The concept of The Hunger Games owes much to Koushun Takami’s cult novel Battle Royale, adapted for the cinema in 2000 by Kinji Fukasaku. The film is set in a dystopian alternate-universe, in Japan, with the nation utterly collapsed, leaving 15 percent unemployed and 800,000 students boycotting school. The government passes something called the Millennium Educational Reform Act, which apparently provides for a class of ninth-graders to be chosen each year and pitted against one another on a remote island for 3 days. Each student is given a bag with a randomly selected weapon and a few rations of food and water and sent off to kill each other in a no-holds-barred fight to the death. With 48 contestants, only one will go home alive. Yes, this has been often cited as the original Hunger Games; whether or not Suzanne Collins borrowed heavily from Fukasaku’s near-masterpiece or the novel is ultimately unknown. In the end, it doesn’t matter since art has always imitated art. The fact is, both films share the same premise, but stand at opposite ends in tone, style, genre, and narrative shape.

Battle Royale is part exploitation, part teen angst drama, part black comedy, and part survival thriller. This is about as bleak and cruel as they come, but it remains endlessly entertaining. Fukasaku’s direction is far from subtle, but like all great films, Battle Royale has something to say. This is a harsh critique and a darkly funny satire of a wide array of elements of modern Japanese society. Think of it as a cross between reality TV with Lord of the Flies. The targets of satire vary: there is the unsettling social commentary on our tolerance for violence and thoughtless self-preservation, Japan’s obsession with authority and obedience, how adults place far too much pressure on their children’s educational achievements and the obsession with violent video games and anime. But put aside the social commentary: Battle Royale is downright cartoonish, hilarious, and exciting. Even during the deliberately provocative violent teen-hunts, Fukasaku maintains the right tone, never slipping into seriousness or preachiness.

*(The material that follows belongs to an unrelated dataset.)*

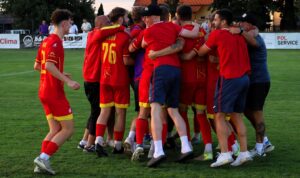 Grupa cieszących się mężczyzn w sportowych strojach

Battle Royale aroused international controversy and was either banned or excluded from distribution in many countries, yet it became a domestic blockbuster and is one of the 10-highest grossing films in Japan. It received near-universal acclaim and gained further notoriety when Quentin Tarantino was quoted as saying he wished he had directed the movie himself.


2. Lord of the Flies
Directed by Peter Brook
Written by Peter Brook and William Golding
UK, 1963

Peter Brooks’s big-screen adaptation of the Nobel Prize-winning author William Golding’s classic Lord of the Flies adheres so closely to the spirit of the source material that at every turn, Brook captures the cruelty and fascination of Golding’s symbols and metaphors perfectly.

Following a plane crash, 30 British school-age boys find themselves deserted on an island and try to govern themselves, with disastrous results. As with Golding’s book, human nature and individual welfare versus the common good are themes explored within the film. Even when innocent children (much like in The Hunger Games) are placed in isolation, fear, hate, and violence are inherent.

The film was shot in black-and-white and on a shoestring budget, with an entirely non-professional cast, and neither cinematographers Gerald Feil nor Tom Hollyman had never been behind a movie camera before. The casting of amateur actors required intensive overnight rehearsals and improvised dialogue, and the extensive editing took nearly 2 years to complete – the majority of which was spent fixing the sound due to the continual crashing of the ocean waves. All of this would in most cases be unfavourable for a motion picture, but here, it somehow lends to the natural aspect of the film, heightening its raw intensity. Its a miracle that Brooks not only got the job done but directed such an unsettling film, that brings out Darwin’s theory of “the survival of the fittest” to its darkest light. If Piggy doesn’t win your heart, you have none.

Note. The story was adapted with less success in 1990, and so this version is recommended instead.


3. The 10th Victim (La Decima vittima) (The Tenth Victim)
Directed by Elio Petri
Written by Tonino Guerra, Giorgio Salvioni, Ennio Flaiano, and Elio Petri

The 10th Victim was the first film to offer up the concept of a TV show wherein people hunt and kill one another for sport. It also expanded the idea into a satire on game shows. In the 21st century, the government and the private sector have joined forces to create a solution to crime by giving it a profitable outlet titled “The Big Hunt,” a popular worldwide game show in which contestants are chosen at random to chase one another around the world in a kill or be killed scenario. The winner of the first round moves on to the next. After ten wins, a player is retired from the game and gets a cash prize of one million dollars, but very few make it that far. As in The Hunger Games, there are sponsors who give contestants bonuses for quoting their slogans on camera, making product placement the ultimate form of media violence here.

Directed by Elio Petri, this campy futuristic satire of commercialism, violence, and dehumanization has earned a cult following among film buffs and with good reason. It stars Marcello Mastroianni and Ursula Andress at the height of their stardom, and they share remarkable onscreen chemistry, running about in one of the most bizarre curiosity pieces of ’60s Italian cinema. Groovy and ridiculously satirical, the film clearly lent much inspiration to many films to follow, most notably, the Austin Powers franchise. The Italian pop and jazz score; the outrageous sixties chic fashions; the ultra-modern sets (that recall films like Danger: Diabolik); the less than subtle anti-media agenda – all help make The 10th Victim a truly one of a kind experience. Petri directs with tongue firmly in cheek, and although it doesn’t quite hold together in the final reels, it is something you will never forget. This interesting pop artifact features a number of easily spoiled memorable scenes. You want to seek this one out.

Note. The film was based on The Seventh Victim, a 1953 short story published in Galaxy magazine by prolific sci-fi writer Robert Shakley.